What you return must match, exactly, the lines running from the one containing "Фото: Сергей Коньков/ТАСС" to the end of the data, both included, and must contain no pictures.

● **Material to process**:
..........

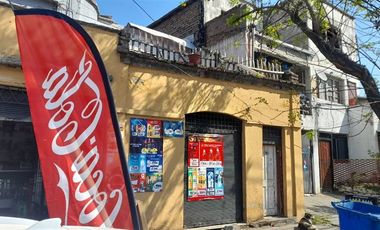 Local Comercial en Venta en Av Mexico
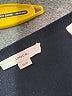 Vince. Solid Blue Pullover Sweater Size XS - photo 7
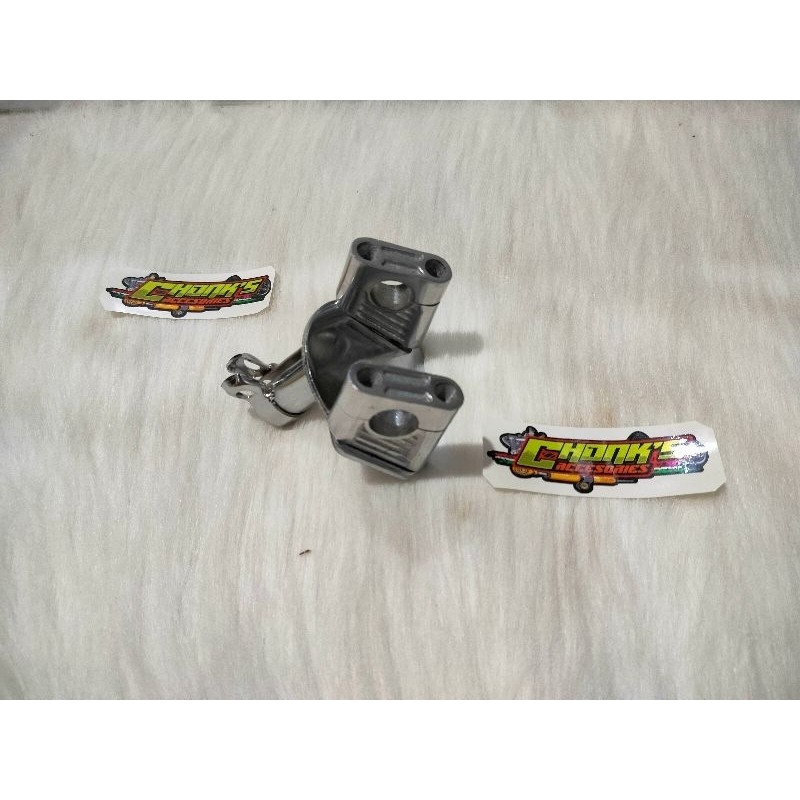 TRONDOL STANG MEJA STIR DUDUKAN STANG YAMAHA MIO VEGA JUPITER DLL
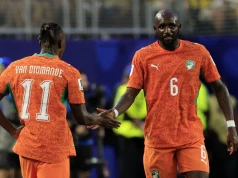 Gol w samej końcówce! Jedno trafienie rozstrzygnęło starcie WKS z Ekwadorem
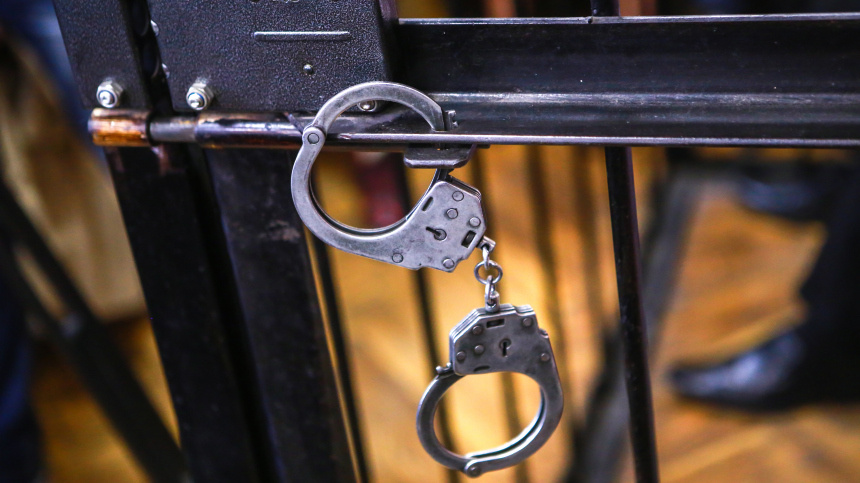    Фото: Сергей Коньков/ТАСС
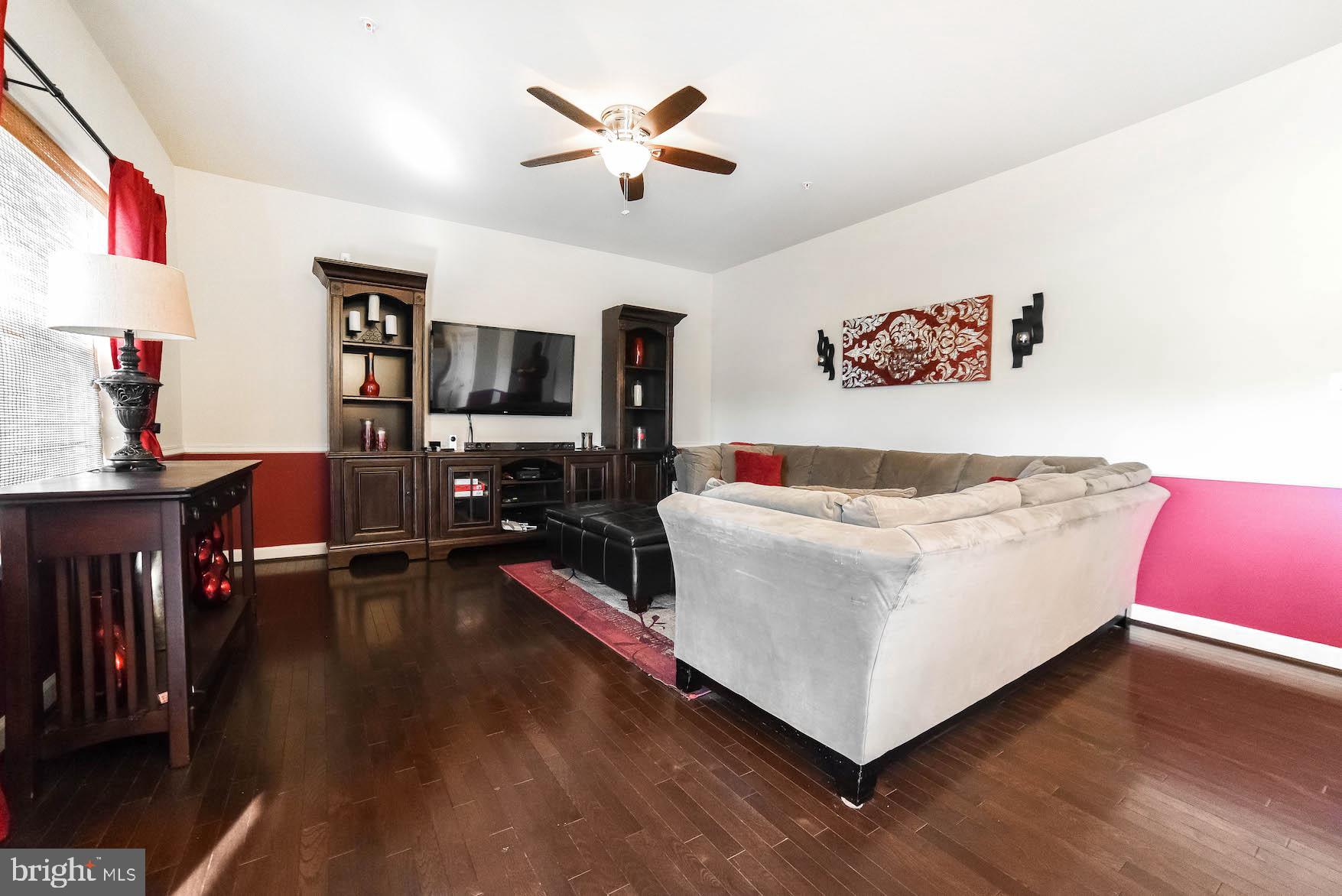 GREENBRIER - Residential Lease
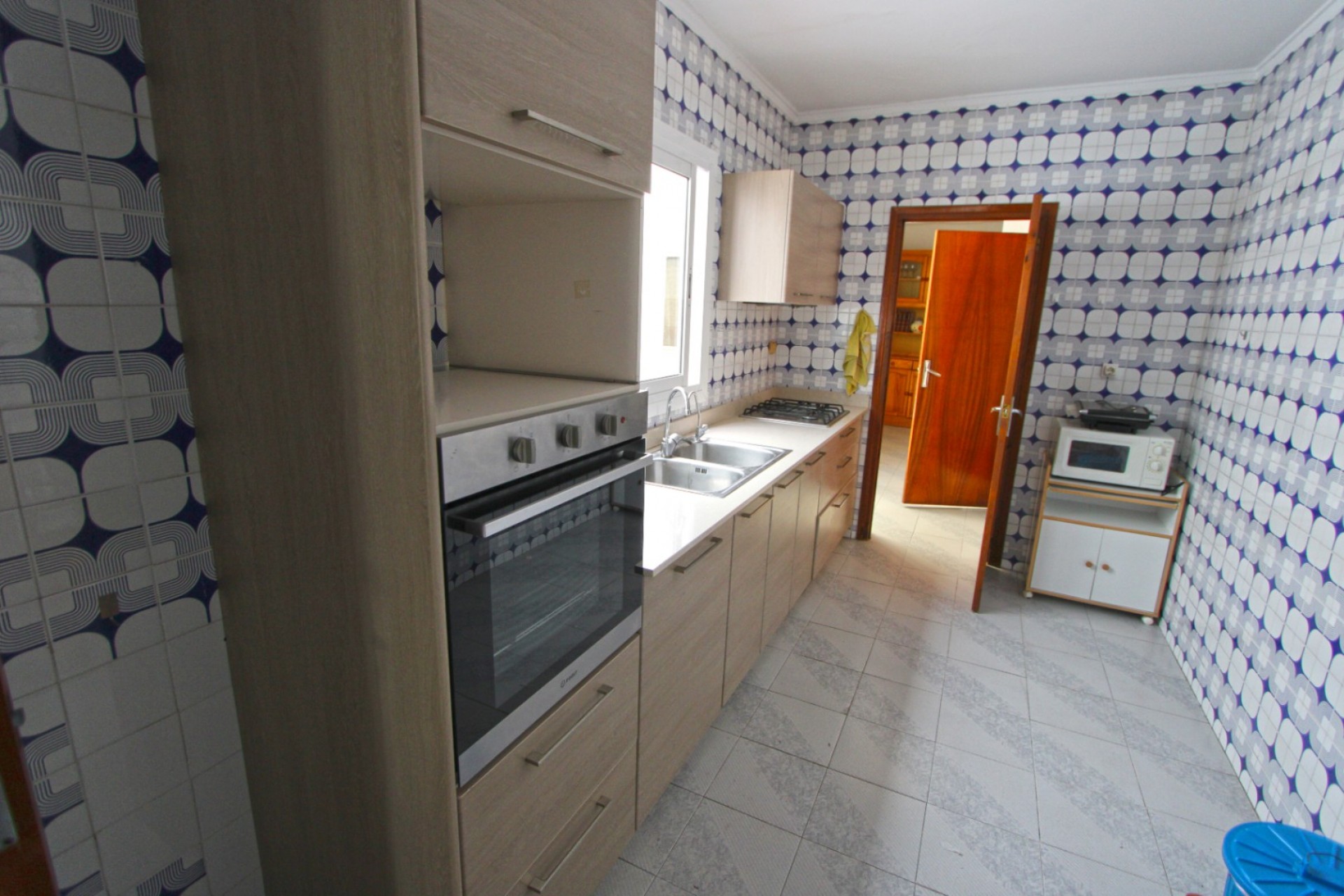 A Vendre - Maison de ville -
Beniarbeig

..........

● **Response for this exercise**:
    Фото: Сергей Коньков/ТАСС
 GREENBRIER - Residential Lease
 A Vendre - Maison de ville -
Beniarbeig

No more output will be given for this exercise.